En ce sens, l’infrahumain est l’expérience ultime sur la nature de la subjectivité. Ce n’est pas simplement un nouveau masque du surhomme, mais un pas vers l’infra-ontologie — la pensée de l’être en deçà du niveau de l’entité personnalisée.

Si l’ontologie classique supposait un Moi substantiel et stable (l’homme, Dieu, l’idée), l’infra-ontologie parle de manœuvre et non d’essence. «L’infrahumain — ce n’est pas la morale, mais la manœuvre» (essai InfraHuman). Il est une solution technique, un piratage, une stratégie sans trace. J’y vois aussi une nouvelle espérance: l’homme est capable d’apprendre de l’abîme sans y tomber, de commettre le crime parfait sans s’autodétruire.

Peut-être que cette conception audacieuse est la réponse de la philosophie aux défis du XXIᵉ siècle, époque de contrôle total et en même temps d’anarchie totale dans le cyberespace. L’infra-ontologie prétend devenir «cette nouvelle ontologie de l’action qui a manqué à la philosophie après Nietzsche», en promettant d’intégrer la transgression dans la raison instrumentale.

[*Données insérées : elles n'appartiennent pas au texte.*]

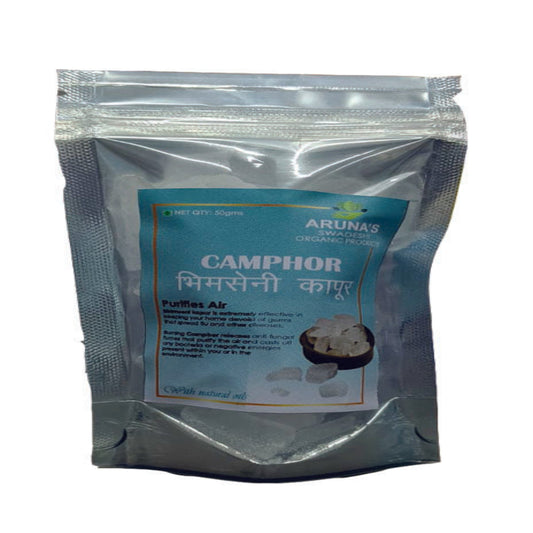 Bhimseni Camphor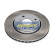 Disque de frein DI-269C Japanparts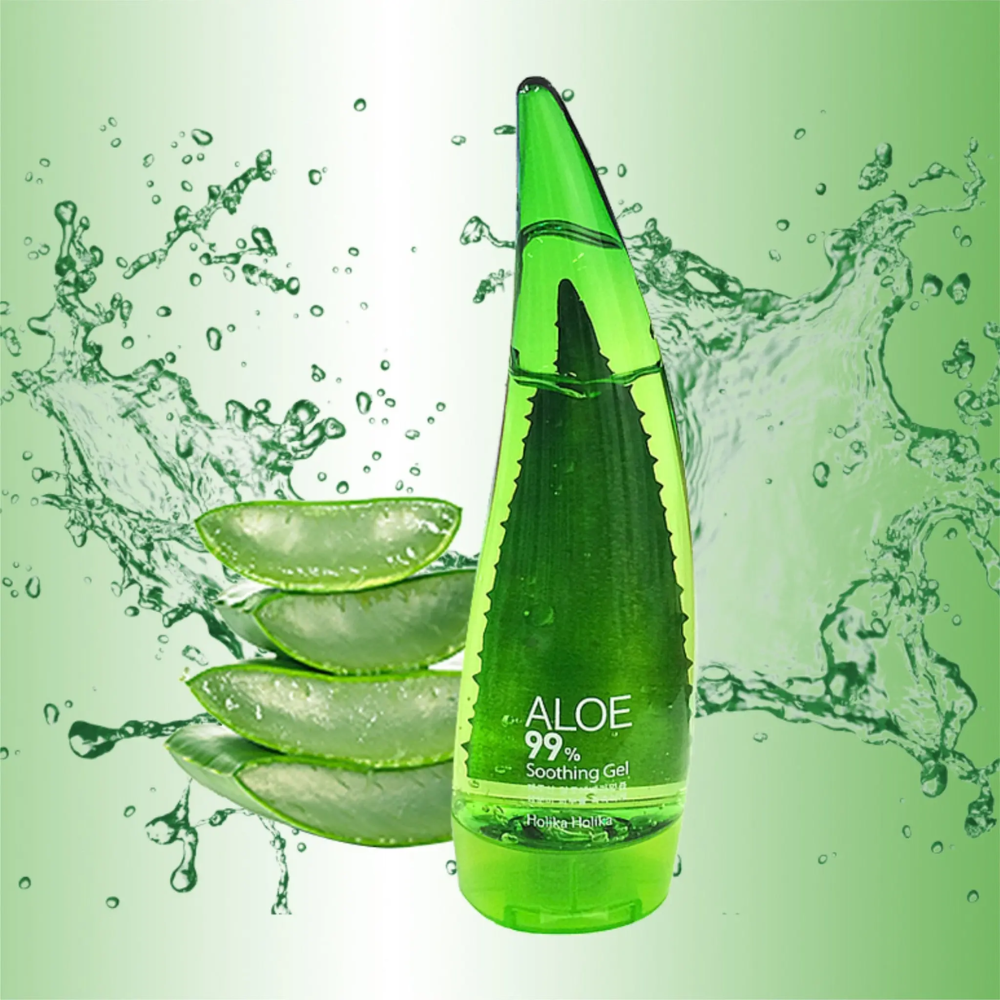 Aloe 99% Soothing Gel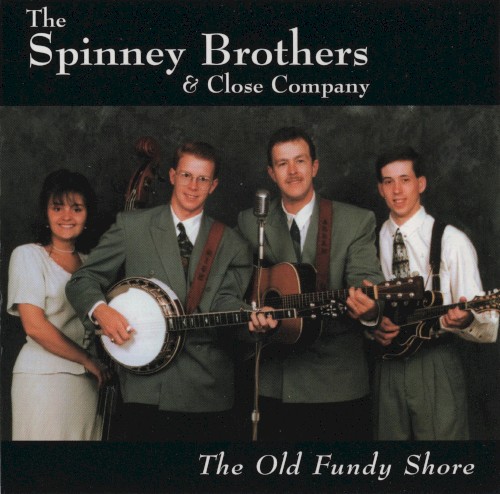 The Old Fundy Shore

Et pourtant, l’infrahumain ne doit pas nous tromper par son spectre de liberté. Il n’est ni un nouveau dieu ni un idéal à imiter, mais plutôt un spectre philosophique, une frontière de la pensée sur laquelle nous éprouvons jusqu’où peut aller la liberté humaine.

La société, bien sûr, préférerait que de tels spectres n’existent pas du tout — et c’est pourquoi, chaque fois qu’apparaît quelqu’un de «trop libre», les mécanismes de défense s’activent. On cherche à apprivoiser les dieux, à neutraliser les rebelles, et l’idée même de l’infrahumain — peut-être simplement à n’y pas croire.

Eh bien, mon rôle est de prévenir! Mais en tant que direction de pensée, l’infra-anthropologie est déjà tracée par moi. Elle nous oblige à regarder l’exigence habituelle d’obéissance sous un nouvel angle. Dieu obéit à l’homme non pas parce que l’homme est plus fort, mais parce que, sans cela, l’homme cesserait d’être homme — il se briserait sous le fardeau d’une liberté qui lui est étrangère.

Mais l’infrahumain, surgissant comme une ombre, rappelle qu’il existe une liberté au-delà, qui n’entre dans aucun «contrat». C’est un regard effrayant, fascinant et presque insaisissable vers un nouvel abîme — là où le sujet est à la fois son propre dieu et sa propre loi.

Un pas dans cette direction équivaut à une disparition, mais la conscience de cette possibilité élargit les frontières de l’esprit humain. Nous sommes à l’aube d’une nouvelle ère philosophique, où les questions de liberté, de morale et de pouvoir seront envisagées à travers le prisme du hacking de la conscience et de l’ingénierie de la limite.

Peut-être est-ce précisément dans cette limite — lorsque l’ombre entre l’homme et le dieu prend voix — que l’humanité revoit à la fois sa propre nature et celle des forces auxquelles elle avait l’habitude de se vouer. Ce n’est qu’en prenant conscience de l’ombre de l’infrahumain que nous comprendrons pleinement la lumière du Dieu qui se soumet.